*WHAT THIS TASK INVOLVES*: Every record needs to be restated word for word.

Data extracted from a collection:
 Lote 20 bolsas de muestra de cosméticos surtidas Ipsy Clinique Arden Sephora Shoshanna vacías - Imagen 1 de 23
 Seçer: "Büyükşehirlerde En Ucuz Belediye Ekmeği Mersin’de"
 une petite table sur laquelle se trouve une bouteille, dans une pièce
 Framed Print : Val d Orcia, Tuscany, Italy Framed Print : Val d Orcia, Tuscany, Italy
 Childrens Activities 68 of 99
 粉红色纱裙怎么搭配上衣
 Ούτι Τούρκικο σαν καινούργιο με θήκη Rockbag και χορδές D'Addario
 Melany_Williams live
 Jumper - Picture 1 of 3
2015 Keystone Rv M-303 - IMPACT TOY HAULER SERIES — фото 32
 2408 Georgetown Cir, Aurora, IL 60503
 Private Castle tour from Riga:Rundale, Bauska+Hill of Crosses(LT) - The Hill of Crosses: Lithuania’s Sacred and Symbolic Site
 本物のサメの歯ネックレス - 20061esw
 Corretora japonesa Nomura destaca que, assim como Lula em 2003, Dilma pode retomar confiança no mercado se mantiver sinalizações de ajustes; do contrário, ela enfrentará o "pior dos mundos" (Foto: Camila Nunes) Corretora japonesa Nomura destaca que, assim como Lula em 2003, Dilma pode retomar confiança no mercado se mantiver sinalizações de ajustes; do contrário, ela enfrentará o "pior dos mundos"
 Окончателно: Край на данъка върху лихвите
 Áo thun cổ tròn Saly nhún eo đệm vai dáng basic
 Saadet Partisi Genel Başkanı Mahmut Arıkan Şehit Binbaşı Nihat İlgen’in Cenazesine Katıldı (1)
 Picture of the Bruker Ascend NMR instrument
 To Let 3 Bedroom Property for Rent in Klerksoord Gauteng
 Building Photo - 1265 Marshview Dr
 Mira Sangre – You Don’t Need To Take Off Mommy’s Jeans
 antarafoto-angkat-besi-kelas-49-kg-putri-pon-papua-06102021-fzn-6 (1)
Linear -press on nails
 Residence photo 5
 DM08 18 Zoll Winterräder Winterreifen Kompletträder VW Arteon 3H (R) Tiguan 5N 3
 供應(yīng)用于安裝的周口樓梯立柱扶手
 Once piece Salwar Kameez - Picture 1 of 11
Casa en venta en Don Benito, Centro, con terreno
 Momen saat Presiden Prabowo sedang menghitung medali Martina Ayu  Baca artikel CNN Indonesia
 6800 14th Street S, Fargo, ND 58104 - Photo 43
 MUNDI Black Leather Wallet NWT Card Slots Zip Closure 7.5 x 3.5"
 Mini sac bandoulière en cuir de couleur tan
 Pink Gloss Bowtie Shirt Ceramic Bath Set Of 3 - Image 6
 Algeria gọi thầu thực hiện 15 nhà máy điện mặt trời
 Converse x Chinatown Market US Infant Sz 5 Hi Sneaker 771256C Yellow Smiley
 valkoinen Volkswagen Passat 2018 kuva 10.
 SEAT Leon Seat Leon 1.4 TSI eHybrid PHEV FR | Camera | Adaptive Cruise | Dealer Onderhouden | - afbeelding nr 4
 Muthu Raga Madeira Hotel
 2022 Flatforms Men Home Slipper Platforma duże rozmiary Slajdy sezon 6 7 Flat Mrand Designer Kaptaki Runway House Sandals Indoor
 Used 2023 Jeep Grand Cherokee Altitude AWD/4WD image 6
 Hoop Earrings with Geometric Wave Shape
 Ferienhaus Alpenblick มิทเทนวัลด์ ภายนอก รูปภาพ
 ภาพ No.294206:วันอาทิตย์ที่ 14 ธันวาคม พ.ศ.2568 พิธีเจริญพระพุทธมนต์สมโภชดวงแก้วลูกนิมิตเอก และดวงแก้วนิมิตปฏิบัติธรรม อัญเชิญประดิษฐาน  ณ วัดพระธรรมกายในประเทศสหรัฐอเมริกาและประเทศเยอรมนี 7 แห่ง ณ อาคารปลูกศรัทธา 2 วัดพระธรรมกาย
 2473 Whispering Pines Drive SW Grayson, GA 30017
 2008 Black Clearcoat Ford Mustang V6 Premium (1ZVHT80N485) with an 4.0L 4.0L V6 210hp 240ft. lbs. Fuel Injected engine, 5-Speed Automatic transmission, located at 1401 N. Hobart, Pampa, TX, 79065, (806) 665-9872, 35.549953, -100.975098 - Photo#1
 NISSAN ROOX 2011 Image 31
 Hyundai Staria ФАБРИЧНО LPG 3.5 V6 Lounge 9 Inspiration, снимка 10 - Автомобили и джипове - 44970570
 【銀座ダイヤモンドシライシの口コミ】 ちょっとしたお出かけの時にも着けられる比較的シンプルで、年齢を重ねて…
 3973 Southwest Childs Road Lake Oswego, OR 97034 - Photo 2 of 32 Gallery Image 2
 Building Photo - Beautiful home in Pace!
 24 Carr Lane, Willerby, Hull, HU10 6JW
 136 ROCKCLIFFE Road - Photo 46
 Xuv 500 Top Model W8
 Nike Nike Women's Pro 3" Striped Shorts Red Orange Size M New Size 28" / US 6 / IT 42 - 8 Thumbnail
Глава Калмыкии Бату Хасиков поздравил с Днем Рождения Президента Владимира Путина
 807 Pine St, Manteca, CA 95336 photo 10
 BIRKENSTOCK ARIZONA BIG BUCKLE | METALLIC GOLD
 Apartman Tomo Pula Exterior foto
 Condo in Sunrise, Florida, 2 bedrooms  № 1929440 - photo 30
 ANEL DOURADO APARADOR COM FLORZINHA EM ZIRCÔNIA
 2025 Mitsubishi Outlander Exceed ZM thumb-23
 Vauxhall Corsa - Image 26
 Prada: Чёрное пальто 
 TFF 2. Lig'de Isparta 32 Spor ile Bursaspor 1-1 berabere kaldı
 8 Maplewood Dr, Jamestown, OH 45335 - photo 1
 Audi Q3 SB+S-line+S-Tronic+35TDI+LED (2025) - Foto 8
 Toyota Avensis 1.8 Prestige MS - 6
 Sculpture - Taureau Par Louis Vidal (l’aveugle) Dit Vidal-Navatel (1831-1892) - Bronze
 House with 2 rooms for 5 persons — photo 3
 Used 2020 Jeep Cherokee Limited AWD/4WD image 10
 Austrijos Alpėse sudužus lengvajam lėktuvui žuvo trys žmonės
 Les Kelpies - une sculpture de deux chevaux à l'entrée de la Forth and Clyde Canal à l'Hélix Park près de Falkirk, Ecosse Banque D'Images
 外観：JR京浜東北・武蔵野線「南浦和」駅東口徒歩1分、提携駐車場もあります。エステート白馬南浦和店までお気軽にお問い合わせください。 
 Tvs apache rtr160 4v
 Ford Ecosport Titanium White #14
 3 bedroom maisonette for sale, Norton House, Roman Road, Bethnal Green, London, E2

*WRITTEN RESPONSE*:
 Lote 20 bolsas de muestra de cosméticos surtidas Ipsy Clinique Arden Sephora Shoshanna vacías - Imagen 1 de 23
 Seçer: "Büyükşehirlerde En Ucuz Belediye Ekmeği Mersin’de"
 une petite table sur laquelle se trouve une bouteille, dans une pièce
 Framed Print : Val d Orcia, Tuscany, Italy Framed Print : Val d Orcia, Tuscany, Italy
 Childrens Activities 68 of 99
 粉红色纱裙怎么搭配上衣
 Ούτι Τούρκικο σαν καινούργιο με θήκη Rockbag και χορδές D'Addario
 Melany_Williams live
 Jumper - Picture 1 of 3
2015 Keystone Rv M-303 - IMPACT TOY HAULER SERIES — фото 32
 2408 Georgetown Cir, Aurora, IL 60503
 Private Castle tour from Riga:Rundale, Bauska+Hill of Crosses(LT) - The Hill of Crosses: Lithuania’s Sacred and Symbolic Site
 本物のサメの歯ネックレス - 20061esw
 Corretora japonesa Nomura destaca que, assim como Lula em 2003, Dilma pode retomar confiança no mercado se mantiver sinalizações de ajustes; do contrário, ela enfrentará o "pior dos mundos" (Foto: Camila Nunes) Corretora japonesa Nomura destaca que, assim como Lula em 2003, Dilma pode retomar confiança no mercado se mantiver sinalizações de ajustes; do contrário, ela enfrentará o "pior dos mundos"
 Окончателно: Край на данъка върху лихвите
 Áo thun cổ tròn Saly nhún eo đệm vai dáng basic
 Saadet Partisi Genel Başkanı Mahmut Arıkan Şehit Binbaşı Nihat İlgen’in Cenazesine Katıldı (1)
 Picture of the Bruker Ascend NMR instrument
 To Let 3 Bedroom Property for Rent in Klerksoord Gauteng
 Building Photo - 1265 Marshview Dr
 Mira Sangre – You Don’t Need To Take Off Mommy’s Jeans
 antarafoto-angkat-besi-kelas-49-kg-putri-pon-papua-06102021-fzn-6 (1)
Linear -press on nails
 Residence photo 5
 DM08 18 Zoll Winterräder Winterreifen Kompletträder VW Arteon 3H (R) Tiguan 5N 3
 供應(yīng)用于安裝的周口樓梯立柱扶手
 Once piece Salwar Kameez - Picture 1 of 11
Casa en venta en Don Benito, Centro, con terreno
 Momen saat Presiden Prabowo sedang menghitung medali Martina Ayu  Baca artikel CNN Indonesia
 6800 14th Street S, Fargo, ND 58104 - Photo 43
 MUNDI Black Leather Wallet NWT Card Slots Zip Closure 7.5 x 3.5"
 Mini sac bandoulière en cuir de couleur tan
 Pink Gloss Bowtie Shirt Ceramic Bath Set Of 3 - Image 6
 Algeria gọi thầu thực hiện 15 nhà máy điện mặt trời
 Converse x Chinatown Market US Infant Sz 5 Hi Sneaker 771256C Yellow Smiley
 valkoinen Volkswagen Passat 2018 kuva 10.
 SEAT Leon Seat Leon 1.4 TSI eHybrid PHEV FR | Camera | Adaptive Cruise | Dealer Onderhouden | - afbeelding nr 4
 Muthu Raga Madeira Hotel
 2022 Flatforms Men Home Slipper Platforma duże rozmiary Slajdy sezon 6 7 Flat Mrand Designer Kaptaki Runway House Sandals Indoor
 Used 2023 Jeep Grand Cherokee Altitude AWD/4WD image 6
 Hoop Earrings with Geometric Wave Shape
 Ferienhaus Alpenblick มิทเทนวัลด์ ภายนอก รูปภาพ
 ภาพ No.294206:วันอาทิตย์ที่ 14 ธันวาคม พ.ศ.2568 พิธีเจริญพระพุทธมนต์สมโภชดวงแก้วลูกนิมิตเอก และดวงแก้วนิมิตปฏิบัติธรรม อัญเชิญประดิษฐาน  ณ วัดพระธรรมกายในประเทศสหรัฐอเมริกาและประเทศเยอรมนี 7 แห่ง ณ อาคารปลูกศรัทธา 2 วัดพระธรรมกาย
 2473 Whispering Pines Drive SW Grayson, GA 30017
 2008 Black Clearcoat Ford Mustang V6 Premium (1ZVHT80N485) with an 4.0L 4.0L V6 210hp 240ft. lbs. Fuel Injected engine, 5-Speed Automatic transmission, located at 1401 N. Hobart, Pampa, TX, 79065, (806) 665-9872, 35.549953, -100.975098 - Photo#1
 NISSAN ROOX 2011 Image 31
 Hyundai Staria ФАБРИЧНО LPG 3.5 V6 Lounge 9 Inspiration, снимка 10 - Автомобили и джипове - 44970570
 【銀座ダイヤモンドシライシの口コミ】 ちょっとしたお出かけの時にも着けられる比較的シンプルで、年齢を重ねて…
 3973 Southwest Childs Road Lake Oswego, OR 97034 - Photo 2 of 32 Gallery Image 2
 Building Photo - Beautiful home in Pace!
 24 Carr Lane, Willerby, Hull, HU10 6JW
 136 ROCKCLIFFE Road - Photo 46
 Xuv 500 Top Model W8
 Nike Nike Women's Pro 3" Striped Shorts Red Orange Size M New Size 28" / US 6 / IT 42 - 8 Thumbnail
Глава Калмыкии Бату Хасиков поздравил с Днем Рождения Президента Владимира Путина
 807 Pine St, Manteca, CA 95336 photo 10
 BIRKENSTOCK ARIZONA BIG BUCKLE | METALLIC GOLD
 Apartman Tomo Pula Exterior foto
 Condo in Sunrise, Florida, 2 bedrooms  № 1929440 - photo 30
 ANEL DOURADO APARADOR COM FLORZINHA EM ZIRCÔNIA
 2025 Mitsubishi Outlander Exceed ZM thumb-23
 Vauxhall Corsa - Image 26
 Prada: Чёрное пальто 
 TFF 2. Lig'de Isparta 32 Spor ile Bursaspor 1-1 berabere kaldı
 8 Maplewood Dr, Jamestown, OH 45335 - photo 1
 Audi Q3 SB+S-line+S-Tronic+35TDI+LED (2025) - Foto 8
 Toyota Avensis 1.8 Prestige MS - 6
 Sculpture - Taureau Par Louis Vidal (l’aveugle) Dit Vidal-Navatel (1831-1892) - Bronze
 House with 2 rooms for 5 persons — photo 3
 Used 2020 Jeep Cherokee Limited AWD/4WD image 10
 Austrijos Alpėse sudužus lengvajam lėktuvui žuvo trys žmonės
 Les Kelpies - une sculpture de deux chevaux à l'entrée de la Forth and Clyde Canal à l'Hélix Park près de Falkirk, Ecosse Banque D'Images
 外観：JR京浜東北・武蔵野線「南浦和」駅東口徒歩1分、提携駐車場もあります。エステート白馬南浦和店までお気軽にお問い合わせください。 
 Tvs apache rtr160 4v
 Ford Ecosport Titanium White #14
 3 bedroom maisonette for sale, Norton House, Roman Road, Bethnal Green, London, E2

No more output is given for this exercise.